2007-05-08 Thread Brent Meeker

[EMAIL PROTECTED] wrote:
 
 
 On May 8, 3:56 pm, Brent Meeker [EMAIL PROTECTED] wrote:
 [EMAIL PROTECTED] wrote:
 
 'The Laws of Physics'  don't refer to human notions (they certainly
 are not regarded that way by scientists
 They are by the scientists I know.
 
 The *knowledge* we have of the laws of physics are human notions.  But
 the laws of physics *per se* are not.  

All the laws of physics we know of, or ever will know of, are.

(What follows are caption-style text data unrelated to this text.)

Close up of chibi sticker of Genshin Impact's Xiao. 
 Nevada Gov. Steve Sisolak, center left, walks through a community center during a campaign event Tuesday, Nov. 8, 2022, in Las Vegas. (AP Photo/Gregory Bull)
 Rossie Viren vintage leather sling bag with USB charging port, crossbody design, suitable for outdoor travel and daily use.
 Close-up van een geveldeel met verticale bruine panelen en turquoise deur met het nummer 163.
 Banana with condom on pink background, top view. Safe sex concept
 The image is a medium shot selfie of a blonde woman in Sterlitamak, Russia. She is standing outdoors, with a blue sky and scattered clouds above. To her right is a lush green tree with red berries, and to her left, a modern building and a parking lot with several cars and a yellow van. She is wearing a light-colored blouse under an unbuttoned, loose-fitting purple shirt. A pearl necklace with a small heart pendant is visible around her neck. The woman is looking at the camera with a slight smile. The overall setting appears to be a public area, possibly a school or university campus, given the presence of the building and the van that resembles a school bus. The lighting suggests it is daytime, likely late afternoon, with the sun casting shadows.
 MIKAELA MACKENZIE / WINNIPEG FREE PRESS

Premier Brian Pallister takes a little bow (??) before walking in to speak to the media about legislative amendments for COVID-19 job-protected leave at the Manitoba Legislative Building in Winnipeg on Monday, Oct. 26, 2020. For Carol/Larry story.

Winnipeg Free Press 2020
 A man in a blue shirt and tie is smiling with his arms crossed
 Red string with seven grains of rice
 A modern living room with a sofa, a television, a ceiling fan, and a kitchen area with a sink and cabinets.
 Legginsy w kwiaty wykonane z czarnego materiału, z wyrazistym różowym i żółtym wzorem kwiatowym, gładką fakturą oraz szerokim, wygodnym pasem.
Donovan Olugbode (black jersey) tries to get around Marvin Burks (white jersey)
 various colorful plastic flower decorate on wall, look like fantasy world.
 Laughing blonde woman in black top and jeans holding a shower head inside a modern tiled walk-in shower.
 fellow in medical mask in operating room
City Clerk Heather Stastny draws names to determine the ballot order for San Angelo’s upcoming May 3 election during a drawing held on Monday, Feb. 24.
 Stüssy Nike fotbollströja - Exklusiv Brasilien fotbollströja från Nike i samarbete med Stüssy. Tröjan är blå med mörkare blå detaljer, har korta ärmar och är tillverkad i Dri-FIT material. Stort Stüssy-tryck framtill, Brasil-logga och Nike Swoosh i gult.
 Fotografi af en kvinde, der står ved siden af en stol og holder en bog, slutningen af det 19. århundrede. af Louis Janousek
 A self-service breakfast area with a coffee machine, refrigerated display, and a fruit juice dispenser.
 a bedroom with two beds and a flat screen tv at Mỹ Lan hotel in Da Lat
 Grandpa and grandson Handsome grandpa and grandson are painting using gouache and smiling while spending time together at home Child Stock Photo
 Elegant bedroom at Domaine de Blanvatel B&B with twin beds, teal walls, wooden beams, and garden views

See other post.  Think computer
 science and information.  Our concepts are information and so is
 reality.  

How do you know what reality is?

So in the case of useful concepts there has to be a partial
 match between the information content of the concepts and the
 information content of reality.  This means we can infer properties
 about reality from our concepts.  The distinction between map and
 territory is not absolute.  A simulated hurricane for instance, has
 *some* of the exact same *information content* as a real hurricane.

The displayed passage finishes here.